Moda na zdrowy tryb życia nie omija Polski. Jest ona jednak często mylnie pojmowana, a w związku z tym może zaszkodzić. Szczególnie osobom w starszym wieku, które naturalne witaminy i ruch na świeżym powietrzu zastępują suplementami diety.
To bardzo proste rozwiązanie. Obraz nierzadko kreowany jest w mediach. Bombardujące na każdym kroku reklamy mówią: „nie musisz nic robić, wystarczy, że połkniesz kapsułkę, a staniesz się okazem zdrowia”. To skuteczna bzdura. Suplementy diety nigdy nie staną się alternatywą dla zdrowego odżywiania czy aktywności fizycznej, choć oczywiście w niektórych przypadkach mogą być ich uzupełnieniem.
Stosowanie wszelkich suplementów diety najlepiej jednak skonsultować z lekarzem. Faszerowanie się rozmaitymi pigułkami może wywołać skutek przeciwny do zamierzonego. Udowadniają to badania fińskich i amerykańskich naukowców, którzy przeprowadzili dokładne badania niemal 40 tys. osób w starszym wieku. Teza, jaką postawili po zamknięciu badania, nie jest optymistyczna. Systematyczne spożywanie produktów suplementacyjnych może prowadzić do przedwczesnej śmierci.
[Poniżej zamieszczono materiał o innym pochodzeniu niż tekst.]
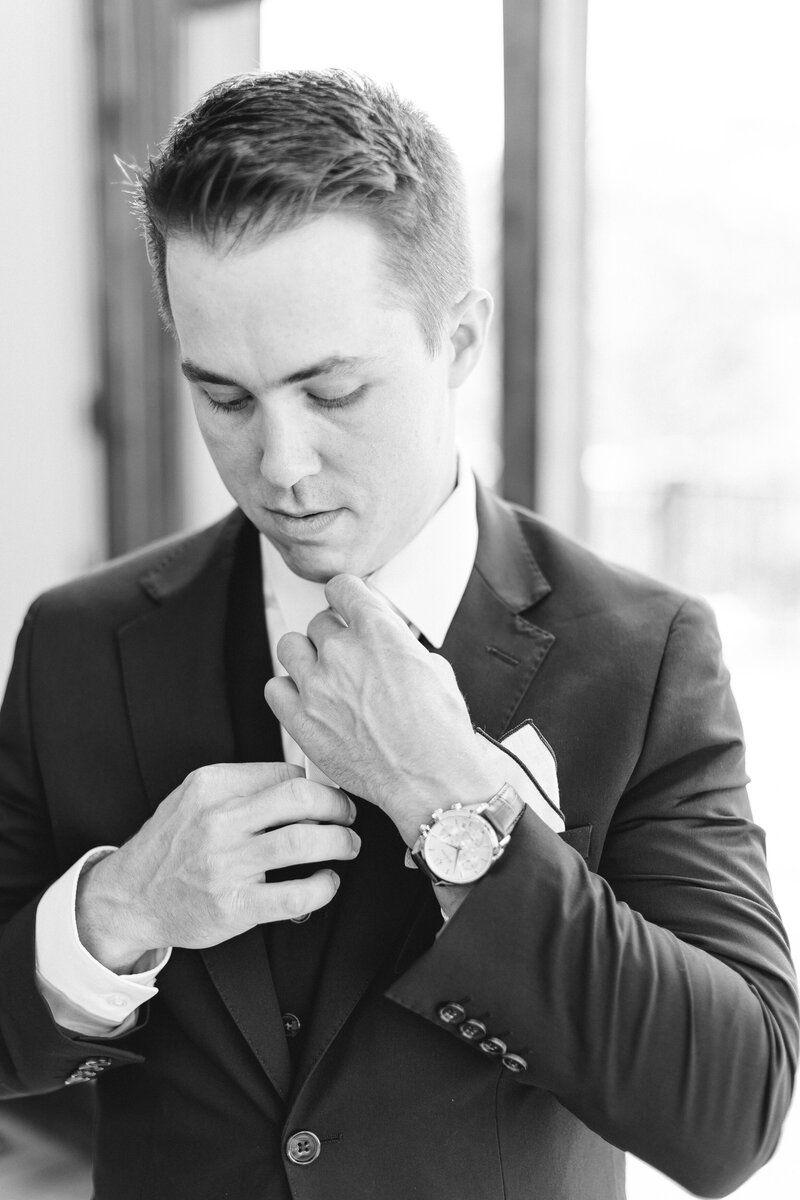 Black-Canyon-Inn-Wedding-Taylor-Nicole-Photography-4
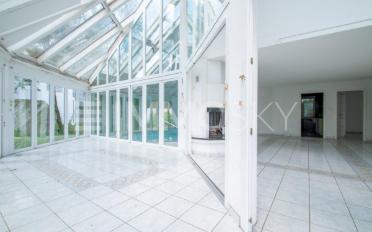 Maison 5.5 pièces - image - 3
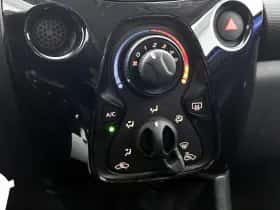 Citroën C1 (2021) thumbnail 26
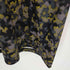 オークリー OAKLEY ゴルフ 半袖シャツ OAKLEY PROTRUDE SHIRT メンズ JPN:L
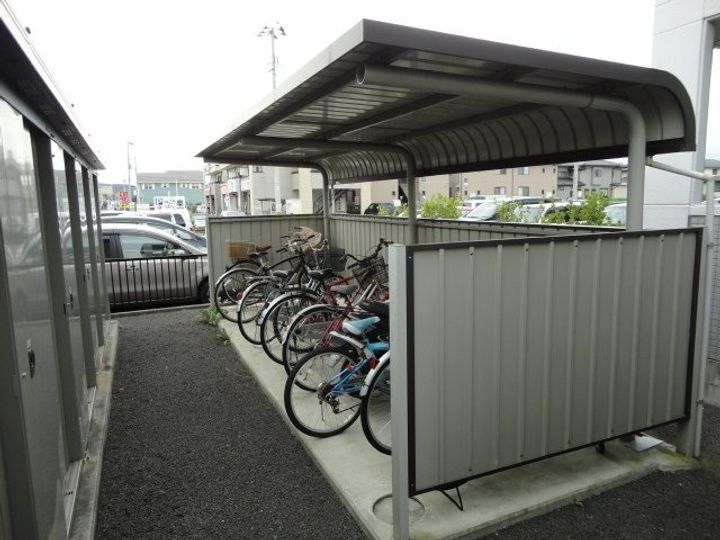 プロニティ21 のその他画像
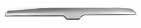 81611500124 GRILLE GARNISH UPPER                             TGX       for MAN TG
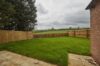 A photo of property at St. Marys Gardens, Barwell, Leicester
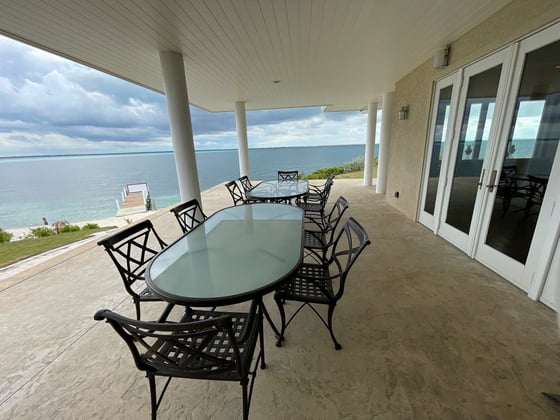 Tilloo Pond Estate Tilloo Cay Abaco - MLS 63410, picture 14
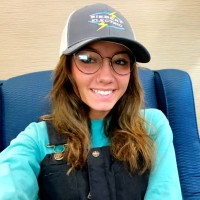Siebert Electric Employee Kencee Boothe's profile photo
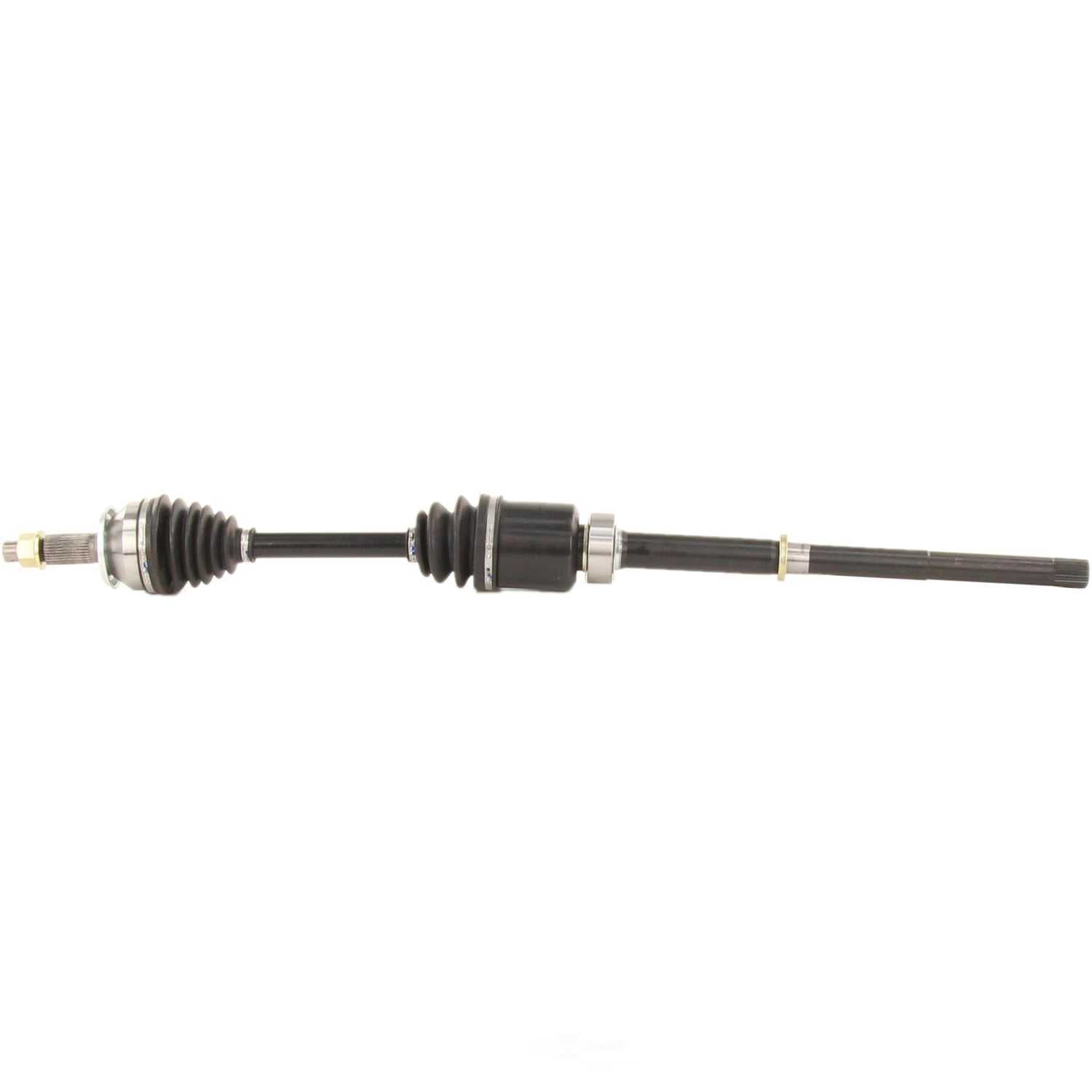 FVP NI-8681 AAR CV Axle Shaft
Do najbardziej ryzykownych w sędziwym wieku należą preparaty, które dostarczają:
- kwas foliowy,
- żelazo,
- cynk,
- magnez,
- miedź, a także
- witaminę B6,
- multiwitaminowe.
Ryzyko wynika z faktu, iż w późniejszym wieku zapotrzebowanie na dane substancje jest niższe, łatwo więc, przy systematycznym, codziennym zażywaniu suplementów, o ich przedawkowanie.
Stosowanie takich preparatów na własną rękę, bez konsultacji z lekarzem może okazać się tragiczne w skutkach. Zamiast pomóc, mogą poważnie zaszkodzić, narażając zdrowie i życie na szwank. Zamiast więc bezmyślnie każdego dnia łykać mnóstwo kolorowych kapsułek lepiej sięgnąć po warzywa i owoce lub udać się na spacer.